Butch: An area that the National Digital Stewardship Alliance has identified as important for digital preservation is the establishment of testbeds for digital preservation tools and processes. Do you have some insight into how http://digitalcorpora.org/ got established, and how valuable it is for the digital forensics and preservation communities?
Kam: DigitalCorpora.org was originally created by Simson Garfinkel to serve as a home for corpora he and others developed for use in digital forensics education and research. The set of materials on the site has evolved over time, but several of the currently available corpora were captured as part of scripted, simulated real-world scenarios in which researchers and students played out roles involving mock criminal activities using computers, USB drives, cell phones and network devices.
These corpora strike a balance between realism and complexity, allowing students in digital forensics courses to engage with problems similar to those they might encounter in their professional careers while limiting the volume of distractors and irrelevant content. They’re freely distributed, contain no actual confidential or sensitive information, and in certain cases have exercises and solution guides that can be distributed to instructors. There’s a great paper linked in the Bibliography section of that site entitled “Bringing science to digital forensics with standardized forensic corpora” (pdf) that goes into the need for such corpora in much greater detail.

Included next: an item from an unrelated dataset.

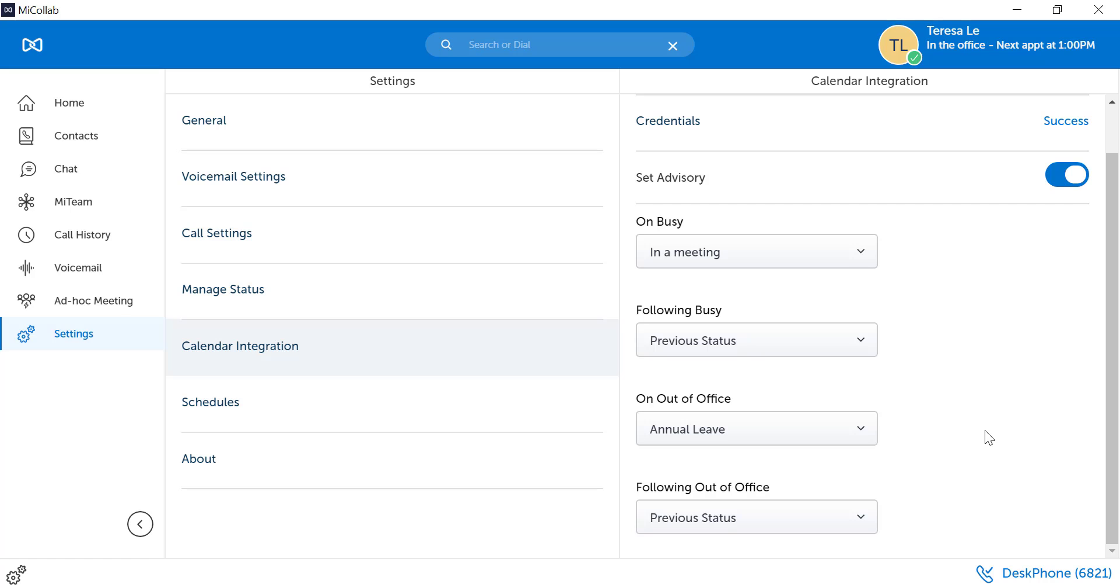Be careful. Your status configuration determines what happens to your call. If your in-meeting status routes your call to voicemail, then when your calendar changes MyCollab, it will send your call to voicemail for the period of the appointment.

We’ve used disk images from one corpus in particular – the “M57-Patents Scenario” – in courses taken by LIS students at UNC and in workshops run by the Society of American Archivists. They’re useful in illustrating various issues you might run into when working with a hard drive obtained from a donor, and in learning to work with various digital forensics tools. I’ve had talks with several people about the possibility of building a realistic corpus that simulated, say, a set of hard drives obtained from an artist or author. This would be expensive and require significant planning, for reasons that are most clearly described in the paper linked in the previous paragraph.
Butch: What are the next steps the digital preservation community should address when it comes to digital forensics?
Kam: Better workflow modeling, information sharing and standard vocabularies to describe actions taken using digital forensics tools are high up on the list. A number of institutions do currently document and publish workflows that involve digital forensics, but differences in factors like language and resolution make it difficult to compare them meaningfully. It’s important to be able to distinguish those ways in which workflows differ that are inherent to the process, rather than the way in which that process is described.
Improving community-driven resources that document and describe the functions of various digital forensics tools as they relate to preservation practices is another big one. Authors of these tools often provide comprehensive documentation, but they doesn’t necessarily emphasize those uses or features of the tools that are most relevant to collecting institutions. Of course, a really great tool tutorial doesn’t really help someone who doesn’t know about that tool, or isn’t familiar with the language being used to describe what it does, so you can flip this: describing a desired data processing outcome in a way that feels natural to an archivist or librarian, and linking to a tool that solves part or all of the related problem. We have some of this already, scattered around the web; we just need more of it, and better organization.
Finally, a shared resource for robust educational materials that reflect the kinds of activities students graduating from LIS programs may undertake using these tools. This one more or less speaks for itself.